PoF: Has the COVID-19 pandemic altered the process of obtaining disability insurance? Do you foresee any additional changes in premiums or other aspects in the near future as a result of the pandemic?
Matt: There have been quite a few changes with disability insurance since COVID-19 entered the marketplace. Most of them are positive.
Insurance companies are allowing doctors to obtain higher amounts of coverage without labs or physicals being required, they are extending grace periods for anyone who can’t pay their premiums, and they are tending to be more flexible with their underwriting decisions as they are down on business and need to be very competitive to maintain their profitability.
Also, since the process of obtaining disability insurance is now being done exclusively online, it’s more important than ever for doctors to make sure that they are dealing with agents who have provided seamless online processes for some time to ensure they will get accurate and timely help.
Regarding prices, they have not changed and it is impossible to predict if COVID-19 will cause that to happen in the future. It’s probably safe to say that if any changes happen, they will most likely cause prices to increase as a new risk has presented itself and made quite an impact on the marketplace.
In other words, I’m not saying rates will be higher in the future, but it is very possible and doctors on the fence or waiting for “the right time” should probably go ahead and get their disability insurance at the current, historically low rates.
Requesting a Quote
PoF: What happens when one requests a disability insurance quote from Pattern?
Matt: Shopping for disability insurance can be complicated and time-consuming, even more so in the midst of the current world events with COVID-19. Pattern believes doctors have more important things to do than spend hours sorting through numerous insurance options.
PoF: Is there anything else you’d like physicians and trainees to know about disability insurance?
Matt: If I can pass along anything to residents and fellows it would be the three most important numbers to know in disability insurance: 6, 3, and 1.
There are 6 true own-occupation disability insurance companies at this time and they are Guardian (aka Berkshire), Principal, Ameritas, Standard, Ohio National, and Mass Mutual. If someone tries to sell you a policy from ANY other company, it is not a true own-occupation policy and you should look elsewhere.

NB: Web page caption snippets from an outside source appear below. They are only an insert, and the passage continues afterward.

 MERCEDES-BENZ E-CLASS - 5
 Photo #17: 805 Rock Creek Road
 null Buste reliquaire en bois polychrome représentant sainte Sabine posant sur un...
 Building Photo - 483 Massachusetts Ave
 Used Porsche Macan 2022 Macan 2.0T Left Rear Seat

There are 3 D’s when evaluating the timing and quality of disability insurance: Definitions, Discounts, and Deadlines. The quality of the protection provided by a disability insurance policy is always driven by the definitions in the contract. Make sure you understand what the contracts say and how they will protect you before purchasing.

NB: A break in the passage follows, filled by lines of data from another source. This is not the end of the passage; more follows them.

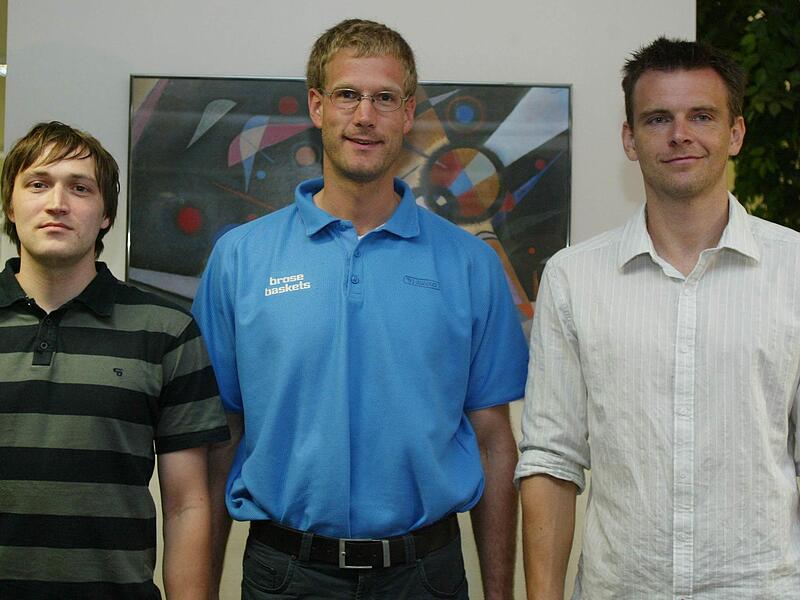 So fing alles in Bamberg an: Stefan Weissenböck (rechts) –  neben Christian Bischoff (Mitte) und Mirko Petrick – im Sommer 2007. Damals begann er als Individualtrainer für die Bamberger Perspektivspieler.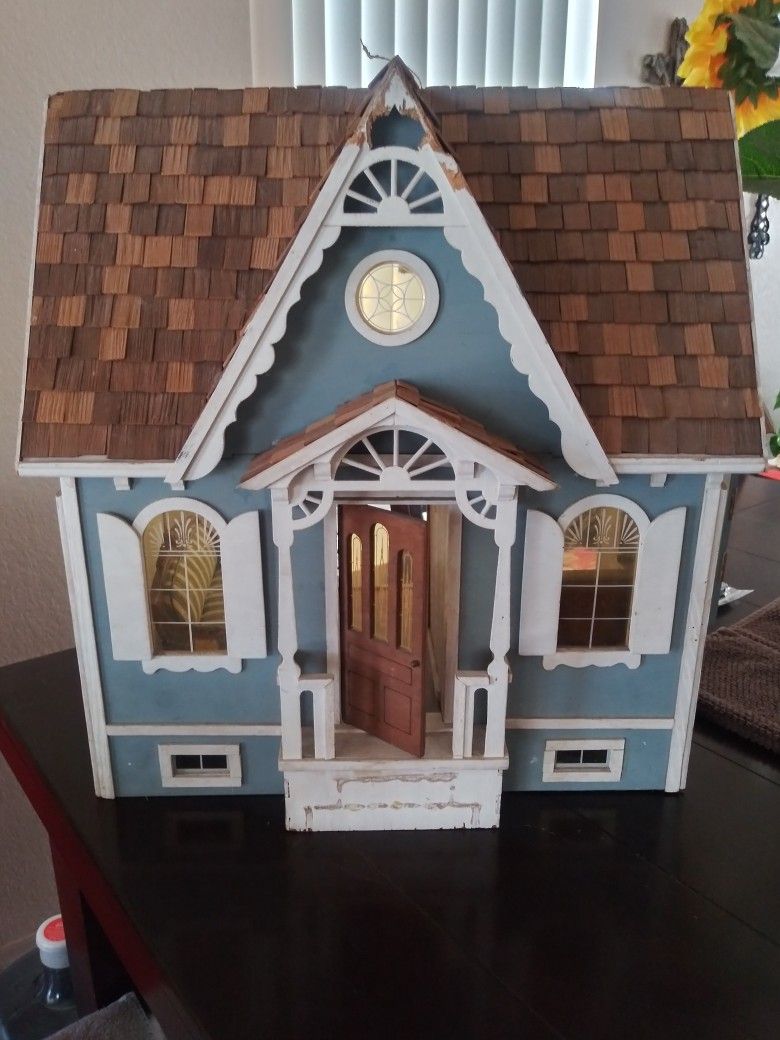 Hand Made Vintage Doll House w/Furniture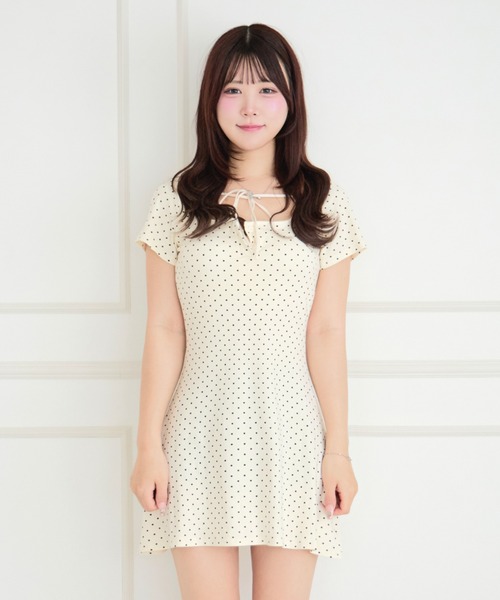 ALLuRing ChaRm(アリュリングチャーム)の「【カップ付き】Round Neck Ribbon Dot Mini Dress / ラウンドネックリボンドットミニワンピース(ワンピース・レディース・ホワイト/ブラック/ネイビー・FREE)」の4枚目の写真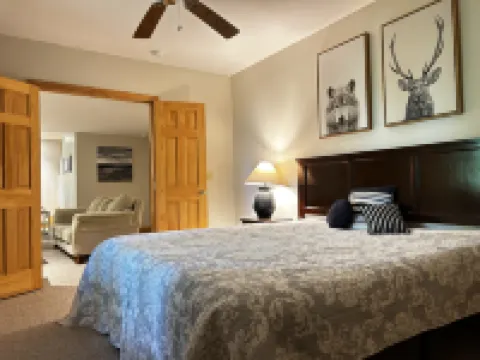 Hot Tub and Resort Amenities - Beautiful Alpine Getaway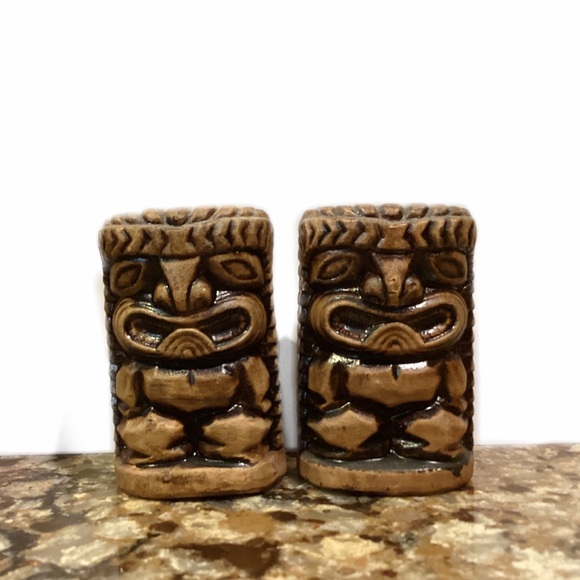 Tiki Ceramic Salt & Pepper Shaker Set / VINTAGE - Picture 1 of 8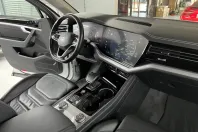 Volkswagen Touareg din 2022 cu 89.000 km - oferta VOL183680 - foto 11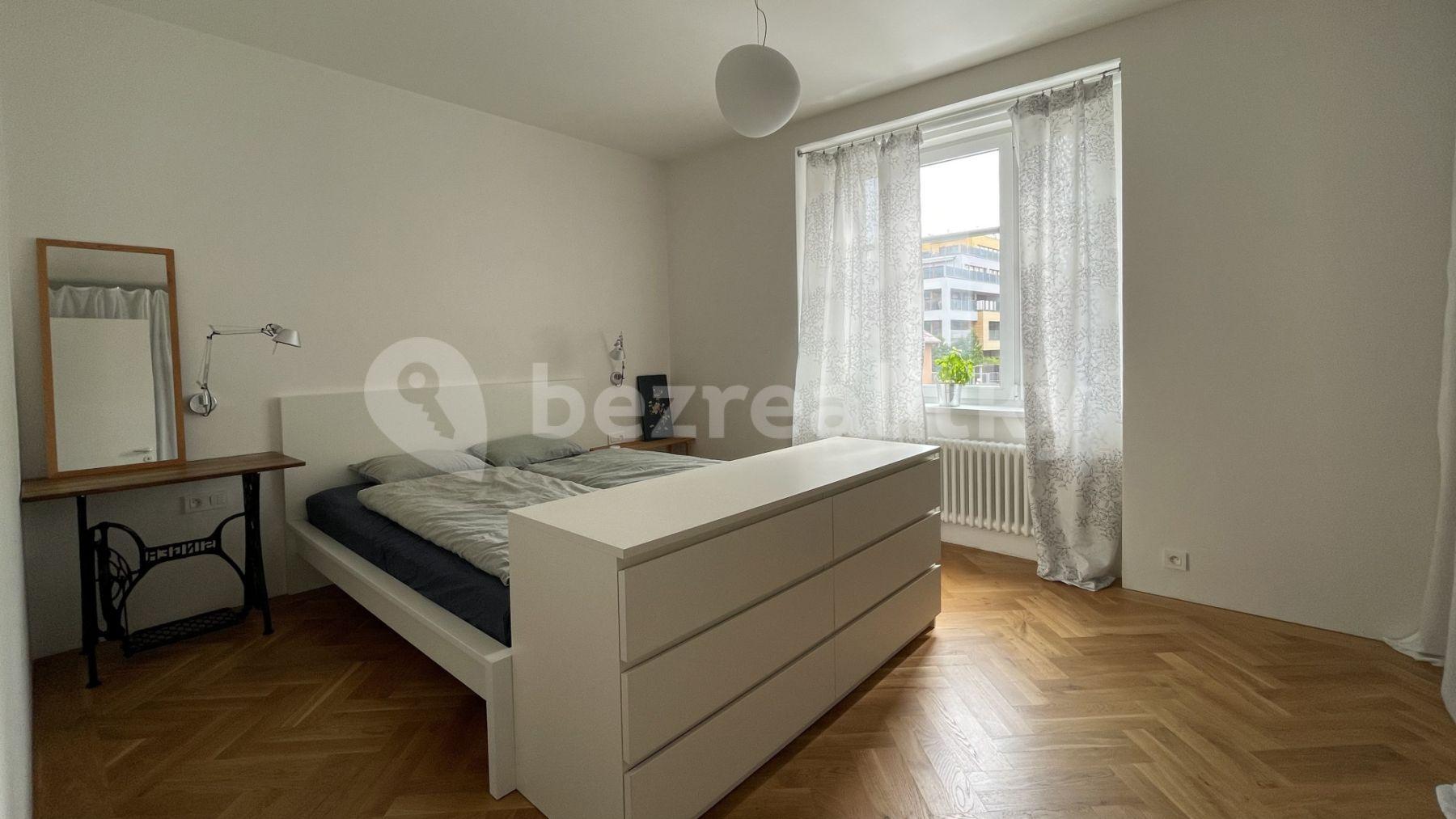 1 bedroom with open-plan kitchen flat to rent, 45 m², Pod dvorem, Prague, Prague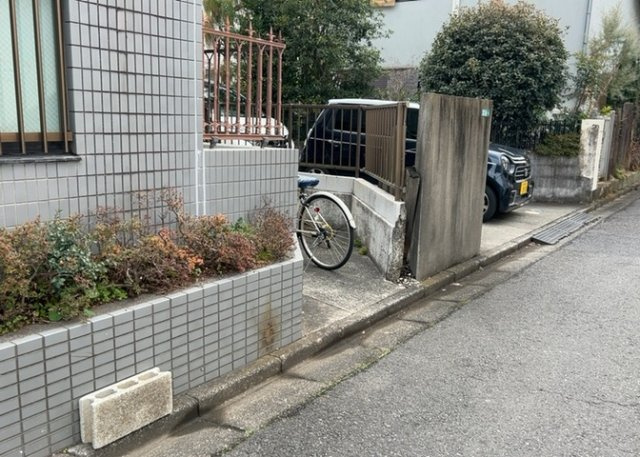 車一台あたりに必要なスペースは、標準サイズの普通自動車で横幅2m50cm、長さ5mは必要になります。ただし、乗降のことも考慮して横幅3m30cm、長さ5m50cmほどは確保できるところを選びましょう。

Discounts are available in training and in some cases after training. Be sure to check for discounts before buying a policy. Many of the discounts, rates, and even special programs to get coverage without a physical are based on deadlines. Be sure to check out your disability insurance options as soon as possible to learn about your deadlines and how they might affect you.
Finally, the number one represents getting it right the 1st time. I can’t tell you how many doctors get sold the wrong policy the 1st time and by the time we talk to them they’ve experienced an age change, change of state, change of employer, or change in health that precludes them from switching to the right policy or requires a much higher rate to accomplish. Find someone with the experience to teach you about all of this and the easy online processes to help you get it done right the first time!